Single by the Cyrkle

from the album Red Rubber Ball
- B-side: "Big Little Woman"
- Released: July 1966
- Genre: Folk rock
- Length: 2:29
- Label: Columbia
- Songwriters: Jerry Keller, David Blume
- Producer: John Simon

The Cyrkle singles chronology
| "Red Rubber Ball" (1966) | "Turn-Down Day" (1966) | "Please Don't Ever Leave Me" (1966) |

= Turn-Down Day =

"Turn-Down Day" is a song written by Jerry Keller and David Blume and performed by the Cyrkle.
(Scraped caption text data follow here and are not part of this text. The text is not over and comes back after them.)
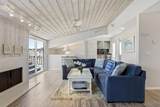 591 Sierra - Photo 9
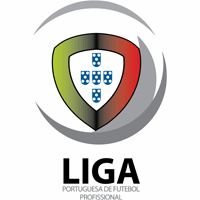 liga-sagres.png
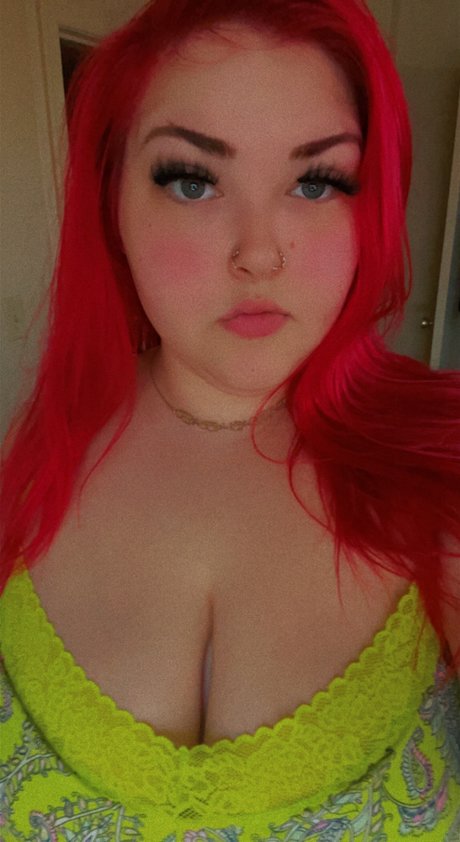 SnowWhite_ perfect actress picture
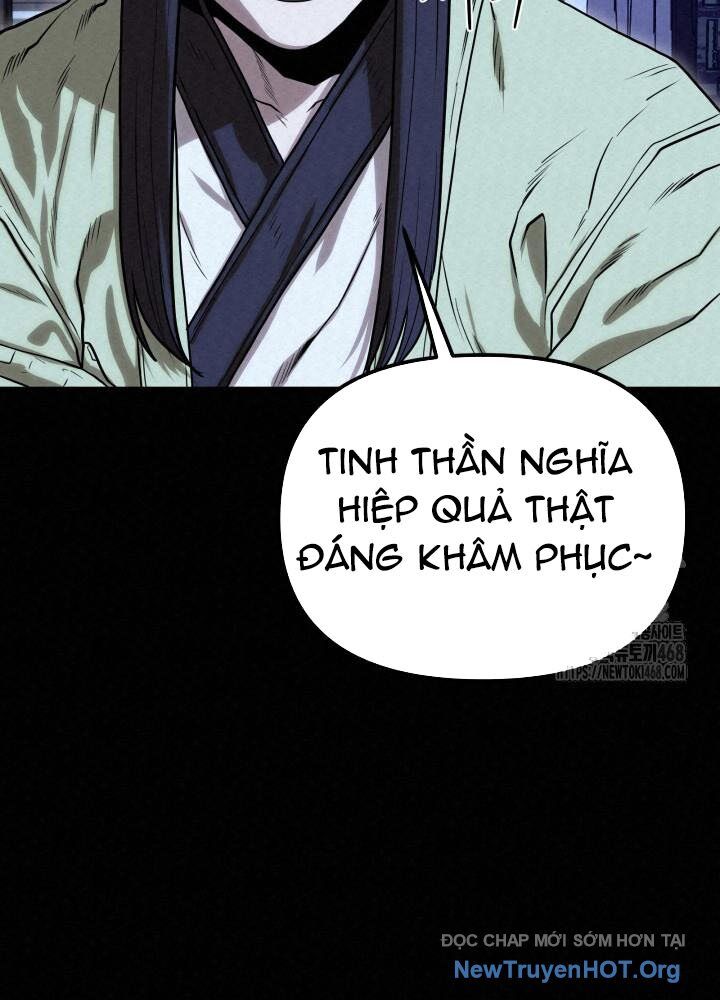 Hắc Bạch Hồ Ly Độc Tâm Côn Luân Kiếm Tuyến Bạch Bệnh Chi Chủ: Chapter 40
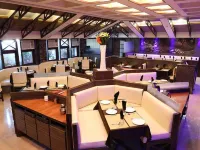 Hotel Jawahar Hotels in Thane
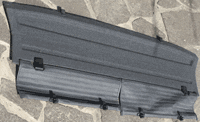 IMG_1250.gif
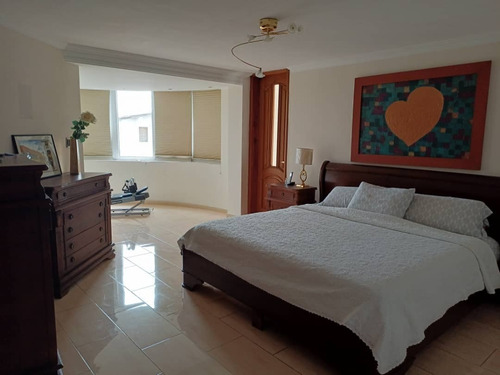 Imagen 8 de 18 de ¡venta! Casa En San Antonio De Los Altos
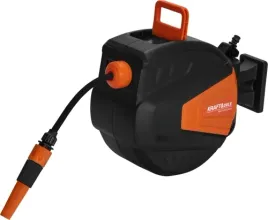 waz-ogrodowy-zwijany-10m-1m-5-16-pvc-solidny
It was produced by John Simon, and was featured on their 1966 album, Red Rubber Ball.
It reached No. 16 on both the Billboard Hot 100 and the Canadian pop chart, and also hit No. 18 on the U.S. Cashbox chart in 1966.

==Background==
According to Candy Leonard, author of Beatleness: How the Beatles and Their Fans Remade the World (Arcade, 2014), the song is an excellent example of the emerging hippie ethos of the 1960s.

==Other versions==
- Dino, Desi & Billy, on their 1966 album, Souvenir.
- Bobby Vee, on his 1966 album, Look at Me Girl.
- Normie Rowe, as a single in 1967 that reached No. 46 in Australia.
- Gary Lewis & the Playboys, on their 1968 album, Close Cover Before Playing.
- Twinn Connexion, as a B-side to their 1968 single "I Think I Know Him"; also featured on the album, Twinn Connexion.
- Steve and Eydie, on their 1970 album, Man and a Woman.
- Danny Bonaduce, on his 1972 eponymous album.
- Sketch Show, on their 2002 album, Audio Sponge.